4. It is then pointed out that the Authority may admit the application 'ex parts', taking the view that there is a prima facie case for condoning delay, and subsequently notice might be given to the other side and the application for condonation of delay may be heard on merits at a later stage and that stage may well fall under Sub-section (3). In my opinion, it would be erroneous and clearly erroneous on the part of the Authority to admit an application which is beyond time by condoning delay without giving notice to the other side and without hearing the other side on the application made by the employee. If an application is beyond time, the employer has acquired a valuable right, and it is an elementary proposition of law that a Court cannot deprive a party of a valuable right without hearing him. Therefore, in my opinion, the proper procedure for the Authority to follow in every case where an application is filed beyond the period of six months is not to admit the application but to keep it pending and issue merely a notice upon the other side to show cause why delay should not be condoned.
I am told by Mr. Baptista that in cases like this what the Authority does is that it calls upon the employee to file a written statement not only with regard to the question of limitation, but even on the question of merits. In my opinion this procedure is not a correct procedure because till the application is admitted and till the Authority has made up its mind that the applicant had sufficient cause for not making the application within the statutory period, no question of considering the merits of the application can possibly arise, and therefore at that stage the notice should only be given with regard to the question of limitation. It is only after the application is admitted that the employer should be called upon to file his written statement on merit's.
5. Mr. Baptista has relied on a decision of the Privy Council in - 'Krishnasami Pandi-kondar v. Ramasami Chettiar', AIR 1917 PC 179 (A). The Privy Council there were dealing with the practice of the Madras High Court. In that case a single Judge of the Madras High Court admitted a second appeal condoning delay without giving notice to the other side. When the second appeal came before a division bench, the division bench having heard the other side came to the conclusion that delay should not be condoned and dismissed the appeal as barred by limitation.
The question arose whether the division bench had jurisdiction to dismiss the appeal which had once been admitted by a single Judge of that High Court, he having condoned delay, and the Privy Council held that the decision of the division bench was a decision with jurisdiction. What was emphasised by the Privy Council was that the judgment of the single Judge in terms purported to deprive the respondent of a valuable right, for it put in peril the finality of the decision in his favour, so that to preclude him from questioning its propriety would amount to a denial of justice; and the Privy Council goes on to observe (p. 180):
'......It must, therefore, in common fairness be regarded as a tacit term of an order like the present that, though unqualified in expression, it should be open to reconsideration at the instance of the party prejudicially affected; and this view is sanctioned by the practice of the Courts in India.'
The Privy Council in that case was not considering the question of appeal at all. It was the same Court, the Madras High Court, that had admitted the appeal as being within time without hearing the respondent and that very Court after hearing the respondent came to a contrary conclusion. This decision would apply if the Authority passed an 'ex parte' order admitting an appeal and condoning delay. Assuming the Authority did pass an order in this way - and I hope it will never do so - then it would certainly be incumbent upon the Authority to reconsider its order after giving notice if the other side appeared and wanted to contend that the delay had been erroneously condoned.

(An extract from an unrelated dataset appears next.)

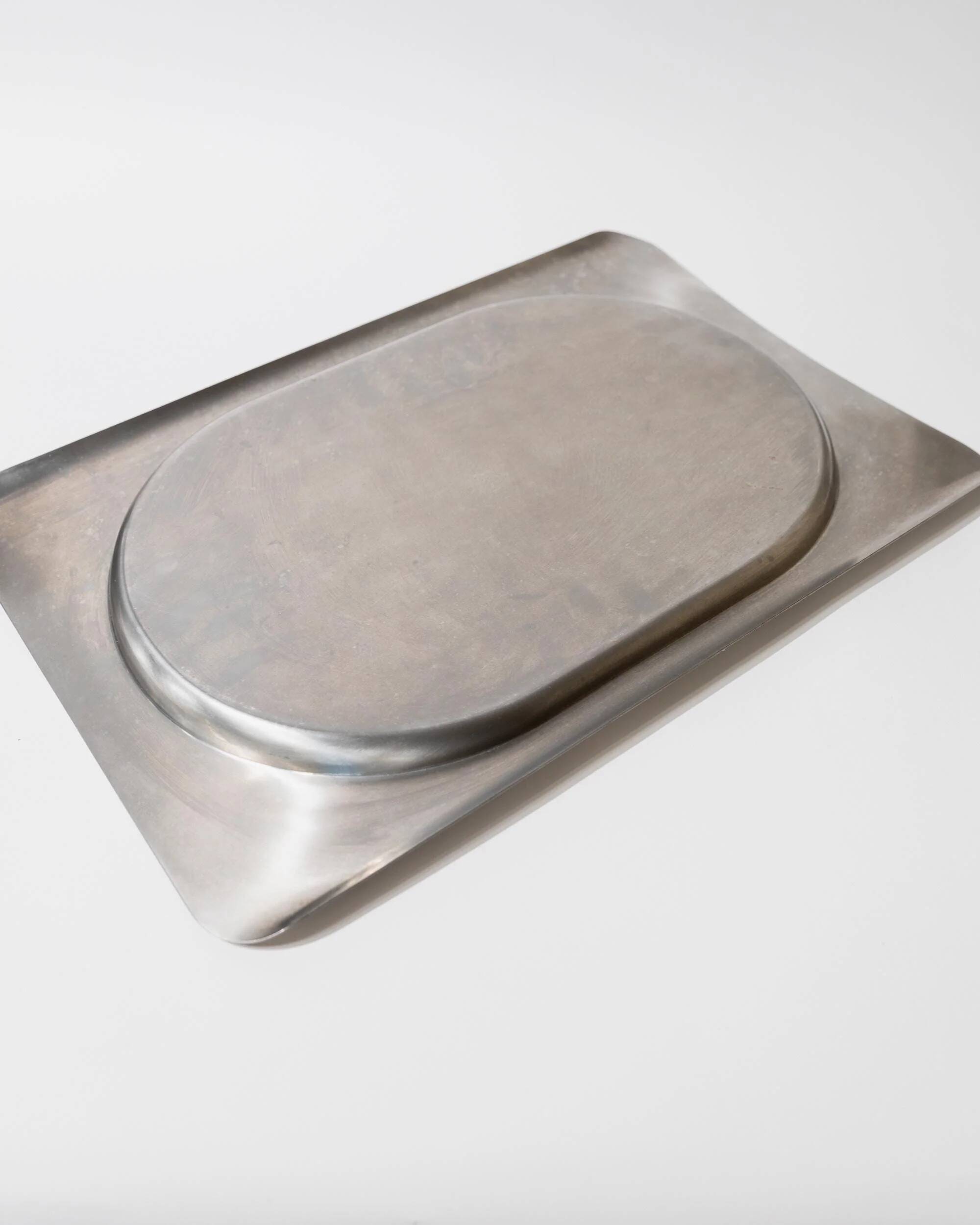 1990s vintage stainless steel platter, rectangular with an oval indentation, minimalist modern design.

But what I am considering in this matter is not the power of the same tribunal having once condoned delay to come to a contrary conclusion, but I am considering the power of an appellate Court to interfere with the decision of the trial Court with regard to condonation of delay, and in my opinion the two positions are entirely different and the Privy Council decision is of no help.
6. In my opinion, therefore, the learned-District Judge was not competent to interfere with the decision of the Authority that there was sufficient cause for the applicant not presenting his application within time. The result therefore, is that I will allow this revision application, make the rule absolute, and restore the original order of the Authority with costs throughout.
7. Same order in the other two applications.
8. Revision allowed.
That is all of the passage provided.